Australia’s ambitious $50 billion project to build a dozen Attack-class submarines with French company Naval Group has reportedly been shelved.

Pierre Eric Pommellet, head of Naval Group, is currently in Australia to meet federal ministers in an attempt to rescue the contract, Independent Australia has reported.

Australia’s Ministry of Defence recommended the three contenders for the competitive evaluation process, and it picked the French as the eventual winner. Naval Group won the Collins-class replacement program, also known as SEA1000, in 2016 with its Shortfin Barracuda Block 1A design. This vessel is based on a scaled-down version of the nuclear-powered Barracuda design that is now entering French Navy service.

It is said to be due to a combination reasons, including cost blowouts, missed delays and political. Since negotiations with France began, Australia has had three prime ministers, three deputy PMs, three failed treasurers, five defence ministers and four ministers for defence industry. Of the 15 individuals to have held these portfolios, seven have left the Parliament.

While the project was initially estimated to cost between $20-25 billion, an agreement between parties signed in late 2016 showed a figure that’s double the prediction, or $50 billion. By February 2020, the Parliamentary Library research service reported that the acquisition cost “... is in the order of $80 billion in out-turned dollars and the estimate for sustainment might roughly work out to be around $145 billion...”

France, meanwhile, is reportedly paying $10.2 billion for six Barracudas.

Even the idea of building a submarine powered by a diesel-electric engine has been considered a fail. The addition of U.S.-made systems in the Australian submarines potentially also adds cost and complexity.

Additionally, Defence Minister Linda Reynolds is holding out for 60% local input, down from 90% when the project was first announced. The French now insist it must be much less as Australia cannot deliver. This was not settled before the production agreement was signed in 2018.

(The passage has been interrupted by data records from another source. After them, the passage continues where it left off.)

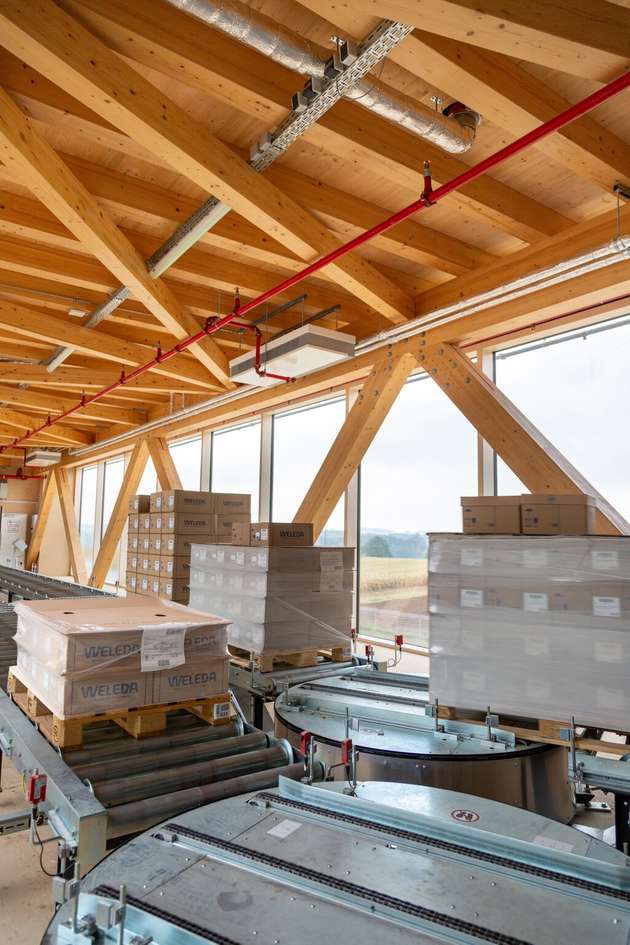 Das Hochregallager wurde in großen Teilen aus heimischem Holz gebaut.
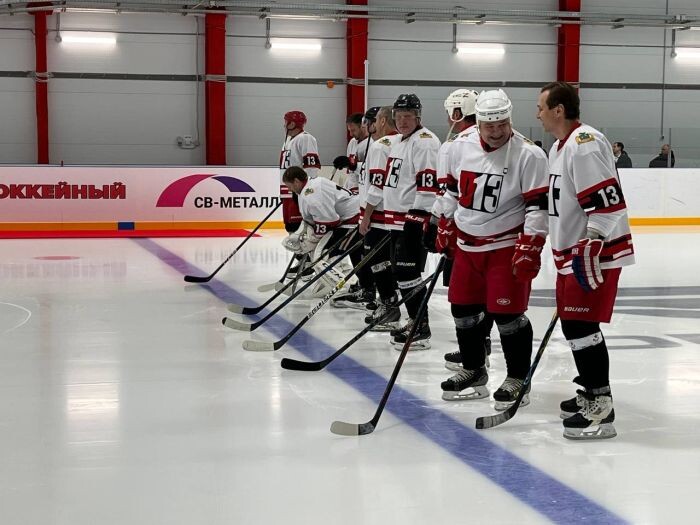    Команда легенд!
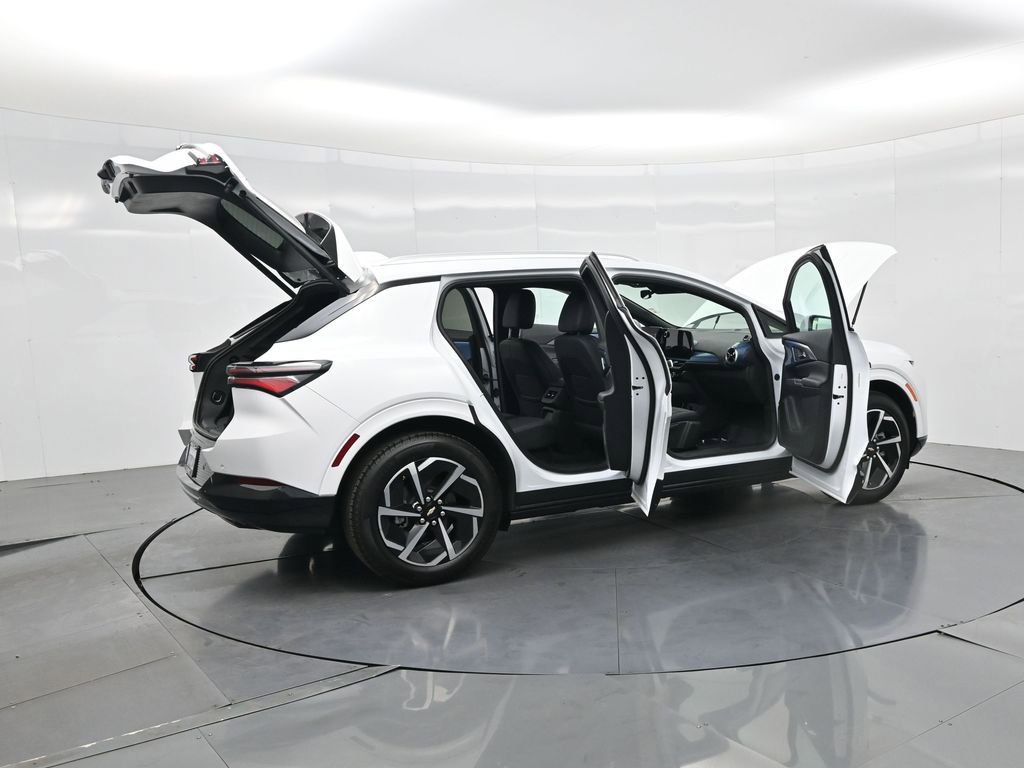 Used 2025 Chevrolet Equinox EV LT w/ Convenience Package image 36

An alternative solution instead of scrapping the project is to negotiate a submarine deal with Swedish company Saab, which owns Kockums that built Collins. Australian Financial Review reports that Reynolds has not denied this possibility. “As the original designer of the Collins class submarine, Saab Kockums has an ongoing relationship with [the Australian Submarine Corporation] supporting the life of type extension program for the Collins class submarine,” she said.